In the new study, Stephanie Harrison and Frank Tong of the Vanderbilt Vision Research Center focused on the visual cortical areas V1-V4, which contain cells that respond selectively to the simplest characteristics of objects within the visual field, such as contrast and the orientation of bars and edges. They also developed an algorithm to decode the activity associated with perception of two grating patterns, each consisting of diagonal lines of a different orientation.
While in the scanner, participants were presented with these two patterns, one after the other and in a random order. Immediately afterwards, they were cued to remember one of them.
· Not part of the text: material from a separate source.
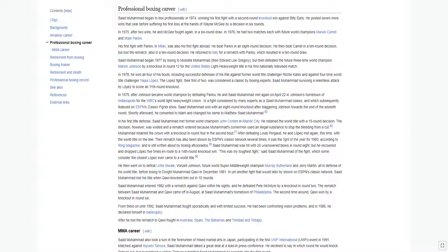Saad Mohamed entered 1982 with a rematch against Qawi within his sights, and he defeated Pete McIntyre by a knockout in round two. The rematch between Saad Mohamed and Qawi came off in August at Saad Mohamed's hometown of Philadelphia. The second time around, Qawi won by a knockout in round six.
A few seconds later, they were presented with a third grating pattern, and asked to indicate the direction in which it was rotated relative to the one they had remembered.
Harrison and Tong isolated the activity correlated with visual working memory by analyzing the data obtained during the 11-second remembering period. Their algorithm enabled them to distinguish between the activity patterns associated with each stimulus and thus to predict, with an accuracy of about 80%, which of the two grating patterns was being retained in visual working memory. It seems that a trace or echo of the activity elcited by the stimuli can maintain an on-going representation of the image viewed seconds earlier.
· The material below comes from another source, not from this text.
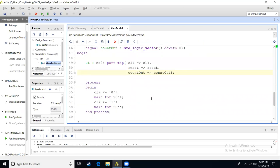We'll have a process to set up our clock. We're going to have that this process runs. We start off with clock equal to zero. We wait 20 nanoseconds, set our clock equal to one, wait 20 nanoseconds, and then once we get to this point, this will repeat and continue repeating until our simulation has stopped.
Thus perception of a stimulus and the temporary retention of that stimulus in visual working memory seem to involve the same subpopulation of neurons. Retention of the images was not related to the overall levels of activity in those groups pf cells- in half of the participants, activity during the remembering period decreased below the baseline level, but could still be decoded accurately. The activity was also very robust: the decoding was equally effective regardless of whether participants retained the first and second pattern, showing that the working memory representations of the images did not interfere with each other.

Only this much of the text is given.